1. Jerome David Salinger was born on January 1, 1919 — ninety years ago today. Charles McGrath offers some new observations about the relationship between J. D. Salinger and his second most enduring character, Seymour Glass, and wonders what might motivate Salinger’s ongoing and unyielding pursuit of solitude and silence. I have no answer, but I would compare Salinger on one hand to Beat poet Bob Kaufman (who was similarly obsessed with silence) and on another hand to Kurt Cobain, who like Salinger was dreadfully afraid of being phony.
2. It was nice of Books Inq, AuthorScoop and Jason Boog of GalleyCat to call attention to our 2008 Action Poetry randomizer. GalleyCat even excerpted some verses from a sonic nurse ode to Billy Joel.
3. From Sonic nurse to Sonic Youth.
4. Cartoons from the Twilight Zone magazine.
5. Elizabeth Foxwell takes the long view on the publishing industry’s growing pains.
6. Goddammit! Will somebody please create an e-book app for the Verizon LG Dare? ScrollMotion and Lexcycle, I’m talking to both of you. Do I have to get a petition going? Believe it or not, people who don’t only buy products from Apple sometimes read books too.
7. Happy New Year!
8. But no new year can be truly happy as new battles rage in that murderous clusterfuck, that land of fools known as the Middle East. I think it’s incredible that anybody thinks anything good will come from Israel bombing the Gaza Strip. Both sides are motivated by internal politics: the Israel leadership is playing to the February elections, and the Hamas leadership is playing against Fatah in the West Bank. The voices of moderation cannot be heard at times like these. And that’s precisely the idea, for both sides.
9. Happy new year anyway. And, congratulations to my brother Gary for winning first place in a poker tournament (the latest in a long string of tournament wins) at Mohegan Sun over the holidays. This reminds me that I really need to play more poker in 2009.
4 Responses
Happy New Year.
We are
Happy New Year.
We are supposed to have flying cars by now, Weren’t we promised this once upon a time.
Re Sal, I don’t get his schtick if it is schtick. The recluse stuff I can understand and admire. Not publishing anything I don’t get. Supposedly he writes a lot. The thing about it is Catcher was pretty good, but it wasn’t all that.
Thanks for the link. To each his own.
Re 8, see Pynchon Gravity’s Rainbow.
I believe Sophia Coppola has optioned the Tales Inspired by Sonic Yawnth for her 2012 project, but there was some sort of Thurston related mix-up and Jim Backus’ Dirty Old Man routines are finally going to get their rightfull tinseltown due. Dunst Johanson (David) and Murry play Jim Backus as Thurston Howell III, the Magoo years.
Levi dont play poker with a
Levi dont play poker with a man named Doc, he’s a sore loser and a dentist profession, Plays cards like extracted teeth one at a time face upwards.Does pairs on public holidays.
There is no point to writing without publishing. It amounts to no more than luxuriating in the banality of nothingness. And as Pearl sings ‘Nuthin aint nuthin but nuthin, its a negationist expression of unwrit and unseen scribbling existentialist vanity.

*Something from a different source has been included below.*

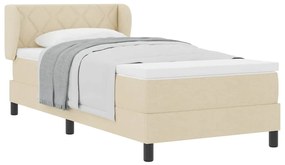 Cama Box Spring com Colchão creme 90x200 cm em Tecido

Until the Palestinians have
Until the Palestinians have their own piece of the pie, or land, there will be no peace.
Sacco’s Palestine opened my eyes to the Palestinian problem of survival, which is also Israel’s. In the graphic novel Palestine, olive trees are chopped down again and again by Israeli troops which is only scorched earth policy, defintely not win-win.
http://en.wikipedia.org/wiki/Palestine_(comics)
Joe Sacco’s graphic novel, Palestine, won the National Book award in 1996.
http://powells.com/biblio/1-9781560974321-2
“Based on several months of research and an extended visit to the West Bank and Gaza Strip in the early 1990s (where he conducted over 100 interviews with Palestinians and Jews), Palestine was the first major comics work of political and historical nonfiction by Joe Sacco, whose name has since become synonymous with this graphic form of New Journalism.”
“This new edition of (the graphic novel) Palestine also features a new introduction from renowned author, critic, and historian Edward Said (Peace and Its Discontents and The Question of Palestine), one of the world’s most respected authorities on the Middle Eastern conflict.”
Kathleen E. Bennet, The Stranger: “Palestine, the place, as Sacco describes it, is full of contradictions, family love and inhuman violence, horror and humor.”
The Catcher and the Rye:
The Catcher and the Rye: Salinger’s immortality. Cobain had a couple good ones, Heart Shaped Box, About a Girl.